Good piece in the London Review of Books (I have a gift subscription from an English friend) this week on Michael Wolff’s latest tome on the Trump phenomenon. It’s written by David Runciman, author of How Democracy Ends.
The book is full of granular detail from the last hours of the Trump presidency dressed with considerable foreboding about the effect he continues to exert on the US Republican Party to get beyond what it hoped would be an aberration.
Trump’s view of the election result remained frozen in time. He believed the votes counted after 10.30 p.m. on 3 November could only be part of a plot to undo what had already been done. This conviction derived in part from his long-standing, strategic paranoia.
His entire life had been built around the principle that the best way to claim what was rightfully yours was to insist that others had stolen it from you. But it also stemmed from his notoriously loose relationship with numbers. He didn’t make the numbers up. But he took the numbers he found most convenient and made them the only ones that counted.
‘In the Trump political world, like the Trump business world,’ Wolff says, ‘you focused on the bragging rights of gross rather than the harsher reality of net.’ The question was never what you could do with what you were left with, it was always what you could insist you were owed in the first place. [Emphasis added]
The indelable mark of populists everywhere. So too the idea that his capacity to generate huge, and highly visible public support in large public rallies and that this had to be weighed as equal to the verdict of the ballot box:
For a while on election night, Trump was ahead in some of the key states he would go on to lose. Those early numbers became the true numbers – the gross reality. Later numbers had to be wrong.
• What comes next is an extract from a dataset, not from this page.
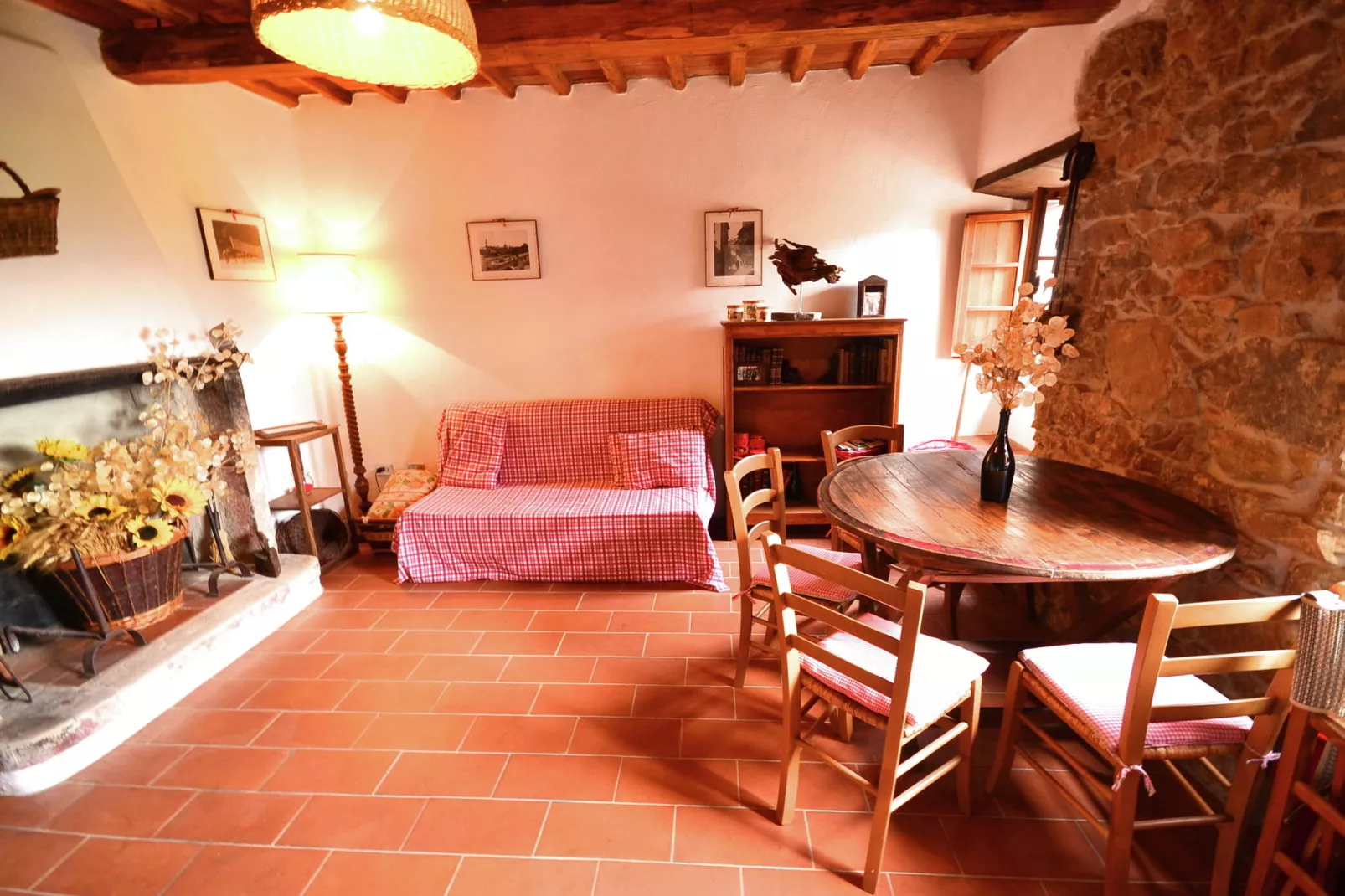 Olivi - Tutto-Woonkamer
In the call Trump made on 2 January to Brad Raffensperger, secretary of state for Georgia, in which he asked him to find an extra 11,780 votes to overturn his margin of defeat in the state (‘You don’t need much of a number because the number in theory I lost by, the margin would be 11,779’), he pointed out that the ballot box was not the only measure of who won an election.
‘I think it’s pretty clear we won,’ he said. ‘We won very substantially in Georgia. You even see it by rally size, frankly. We’d be getting 25-30,000 people a rally and the competition would get less than a hundred people. And it never made sense.’
Runciman goes on to note:
The result was that any official who didn’t accept this version of events could no longer work with the president. Trump’s last two months in office saw an extraordinary exodus of people who had been loyalists but were unable to stomach what was now required. They were replaced by anyone who was prepared to tell the president what he needed to hear.
In an audio book on Giuliani Wolff deconstructs the disintegrating life of the former Mayor of New York and how Trump is forced by the desertion of once loyal staffers to turn to the once moderate GOP veteran desperate for limelight.
But below Giuliani even the loosest of the populists left behind did not relish the effect of getting behind the then President’s last days in the bunker on their own future careers:
When Trump appointed Dave Bossie – ‘right-wing gadfly, organiser and attack man, a Yosemite Sam figure ever blasting at liberal rabbits’ – to oversee Giuliani’s legal challenge to the election results, his lack of any legal qualifications didn’t bother his boss, though they bothered the man himself. ‘I don’t know if congratulations or condolences are in order,’ one campaign aide wrote to him. ‘I want to fucking kill myself,’ Bossie replied.
No one who had anything substantial to lose would take Trump’s side. That meant the only people he had left were already losers. It was a lost cause from the beginning.
In fact, he says…
Neither Trump nor the people around him were part of a sinister plot to subvert and ultimately take over the democratic institutions of the United States. They didn’t possess even the minimum competence for that. Trump’s presidency was a kind of vacuum of seriousness: the relationship between means and ends was practically non-existent. [Emphasis added]
Or as Wolff put it in the book itself:
…what if, stripping all protection and artifice away, he were revealed to be incapable of separating the fantasy of what he thought possible from the practicalities of accomplishing it?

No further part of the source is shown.